» **Task directions**:
Please write out only the lines from the line with "Jaipuri 100% Cotton" to the line with "Vintage Christmas Afghan", inclusive, exactly as they stand below, without the pictures.

» **Input**:
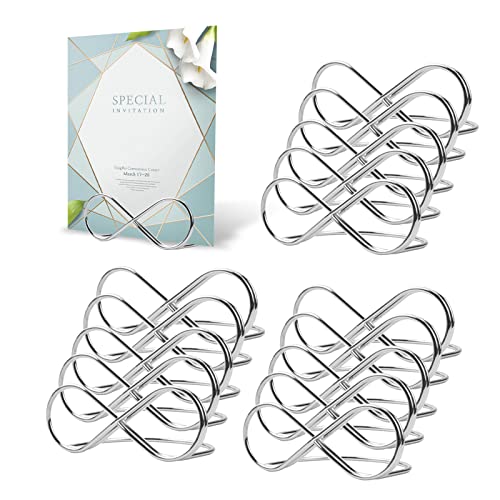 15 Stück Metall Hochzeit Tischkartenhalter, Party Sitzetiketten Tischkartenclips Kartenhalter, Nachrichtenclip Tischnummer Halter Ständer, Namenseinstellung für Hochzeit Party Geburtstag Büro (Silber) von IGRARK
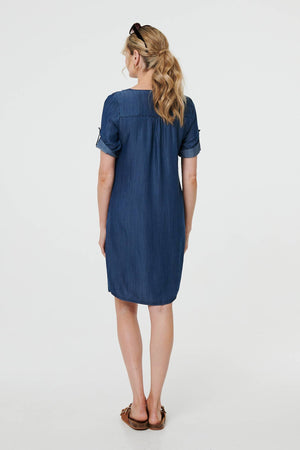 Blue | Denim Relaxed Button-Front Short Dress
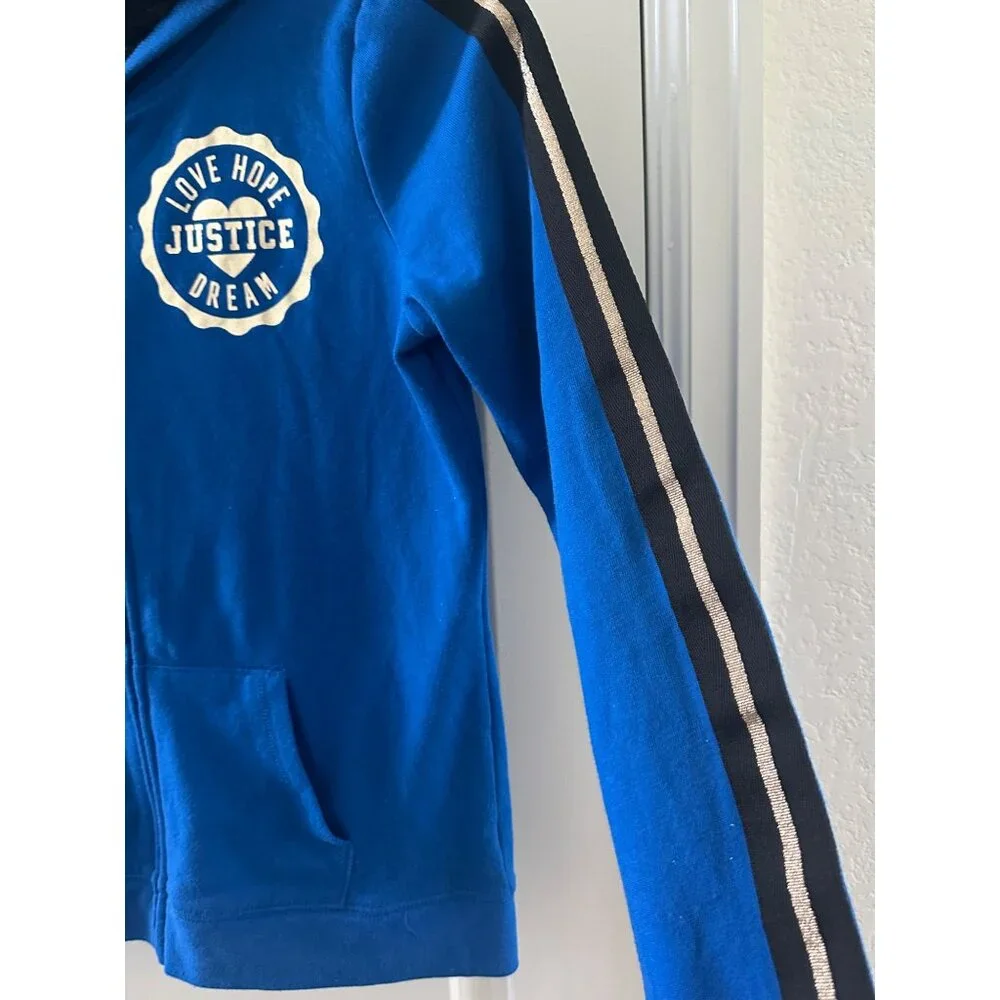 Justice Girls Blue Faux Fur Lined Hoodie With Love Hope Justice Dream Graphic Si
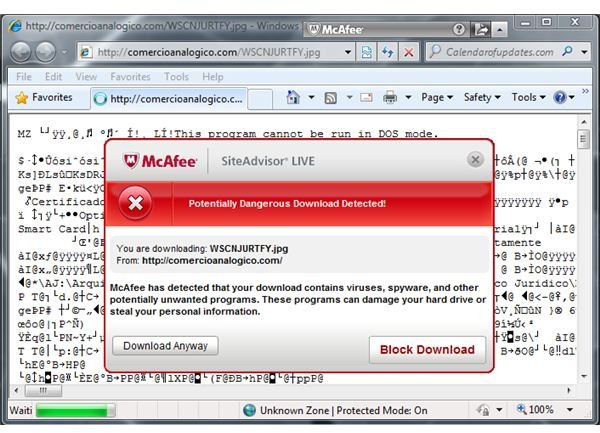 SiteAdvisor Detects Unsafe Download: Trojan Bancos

---

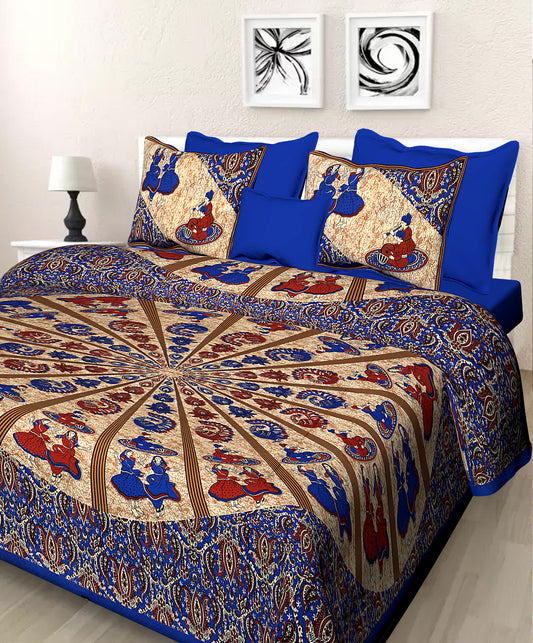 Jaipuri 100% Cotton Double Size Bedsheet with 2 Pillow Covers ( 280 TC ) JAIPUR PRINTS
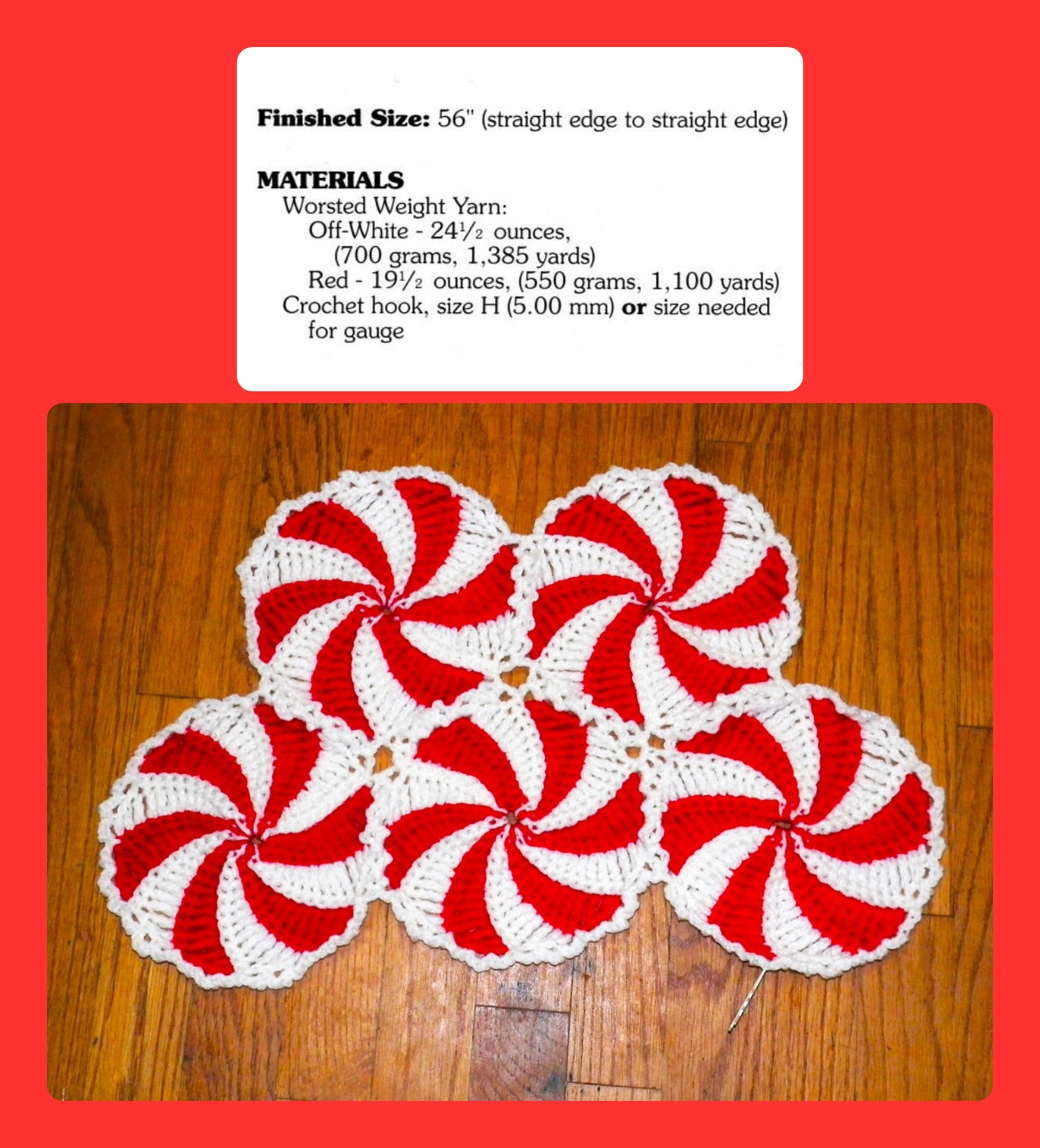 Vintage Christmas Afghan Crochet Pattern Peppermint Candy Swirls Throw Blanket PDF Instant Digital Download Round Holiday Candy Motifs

==

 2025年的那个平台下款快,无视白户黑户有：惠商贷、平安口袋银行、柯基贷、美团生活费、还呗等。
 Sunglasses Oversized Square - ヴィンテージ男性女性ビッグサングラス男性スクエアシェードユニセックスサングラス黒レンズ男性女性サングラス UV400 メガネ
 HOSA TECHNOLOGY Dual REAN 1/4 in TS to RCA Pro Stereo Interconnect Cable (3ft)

» **Solution to this exercise**:
 Jaipuri 100% Cotton Double Size Bedsheet with 2 Pillow Covers ( 280 TC ) JAIPUR PRINTS
 Vintage Christmas Afghan Crochet Pattern Peppermint Candy Swirls Throw Blanket PDF Instant Digital Download Round Holiday Candy Motifs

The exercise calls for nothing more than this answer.